That's good to know manxcat as Tia looks very similar in size to Pippin. My daughter is getting married in April next year in Mexico so Billy and Tia have got to go in kennels then,and if I leave it till we get back there is a risk she could go into season while we are away so I have to have her done in February so she will be fully recovered by April. Am worried about her being done but hope she will be ok.


----------



## Tiny Poodles (Jun 20, 2013)

lily cd re said:


> Even if you keep an unspayed bitch well secured on your property she will be detected by males from long distances. They will be at your doorstep. My neighbor and dog sitter was recommended to wait until her brittany was a year old for her spay because of a heart murmur that the vet wanted to see if she would outgrow. When she was in season they had several loose male pit bulls at their front door the whole time.
> 
> I had Lily spayed when she almost 7 months old. She did fine. I also have to be an honest broker here and say that Peeves is intact. He has a high probability of being bred with one or the other of his breeders new girls in a year or so though. While I would be thrilled to see that happen (and get a puppy out of it too) since he is a great dog, having an intact male (or female) puts extra work on you. He has never tried to escape the yard because I thought he scented an in season bitch, but there are times where he can be a handful to walk because I have suspected he could smell one.
> 
> I know the OP here had a bad experience in the past, but those events are the exception, not the norm. There are too many unwanted puppies and kittens in the world. We need to do everything we can to reduce the number of animals in shelters. Neutering dogs and cats that are not to be bred is one of the most important things we can do to help make this goal a reality. Helping people to properly train their puppies so they are impeccably mannered family members is the other. Sorry for going off topic a bit, but I hope we all think these issues are important enough to put out there any time we can.


My first poodle Jole died on the table being spayed - believe me, once you have been hit by lightening, you can't be told not to be afraid of walking in the rain.
But, my second poodle, who was not spayed wound up having to have a huge uterine mass removed at age 10 (it was benign and went well), my next 4 were spayed at a year (none had a heat first), and my next one will have at least one heat, maybe more before being spayed, because we now know that is the healthiest thing to do - and I care enough about my dogs to do my darndest to make sure that nothing bad happens to them - not orthopedic problems, not urinary incontinence, not a shortened lifespan, not cancer, and not an unwanted breeding! A responsible owner can do it all - our toy poodle can keep their ovaries and uterus long enough to grow and develop properly with no impact upon the world's pet populations problems!


----------



## fuzzymom (Sep 19, 2013)

"Even if you keep an unspayed bitch well secured on your property she will be detected by males from long distances. They will be at your doorstep. My neighbor and dog sitter was recommended to wait until her brittany was a year old for her spay because of a heart murmur that the vet wanted to see if she would outgrow. When she was in season they had several loose male pit bulls at their front door the whole time."
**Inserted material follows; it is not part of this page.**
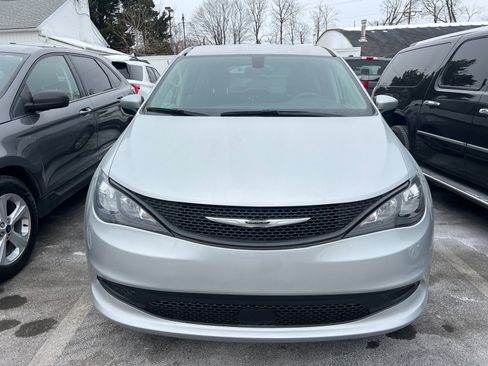 Used 2022 Chrysler Voyager LX image 2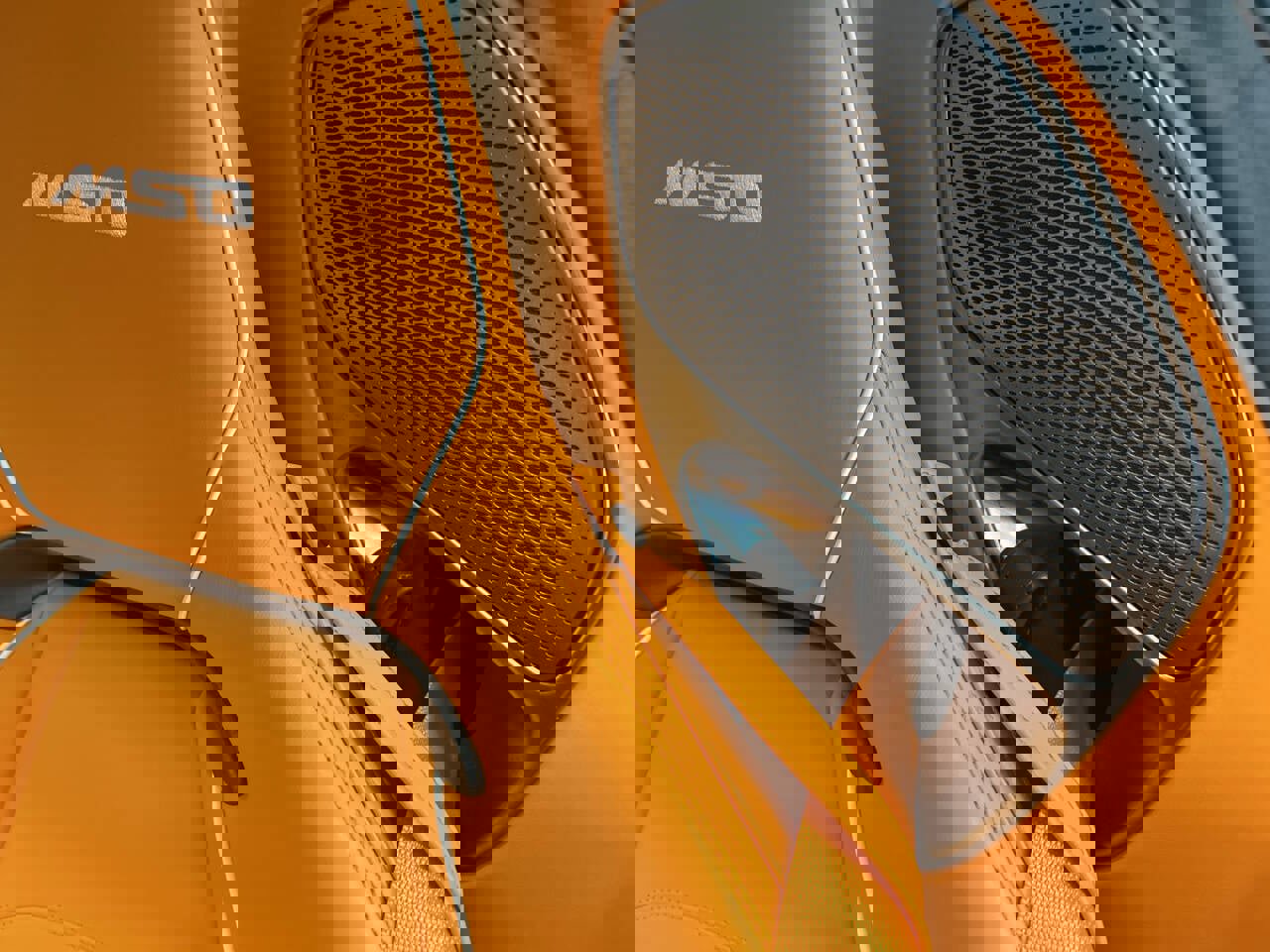 Used 2025 McLaren Artura Spider image 30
If I had several loose male pit bulls at my front door I would be on the phone to animal control faster than you could blink. 


Sent from Petguide.com Free App


----------



## Carrie-e (Oct 23, 2012)

*Tia is definitely a hormonal diva!*



Manxcat said:


> Pippin was nearly 14 months old before she had her first heat - unless she had one and we missed it (joking) - and she hardly lost any blood, we didn't get bothered by other dogs although she was always on lead and kept close, and apart from her "dying hormonal diva" act it wasn't really much bother.
> 
> She was 16.5 months when she was spayed. We decided to get her done after researching, weighing up the pros and cons, and also because she usually gets at least one off-lead run per day and the 3 weeks she was on-lead were aggravating for all of us!
> 
> We absolutely would not have wanted her to get pregnant, and accidents can happen, so finally made the decision to have her done. Apart from a few weeks of slight incontinence post op she had no bother whatsoever and recovered amazingly well.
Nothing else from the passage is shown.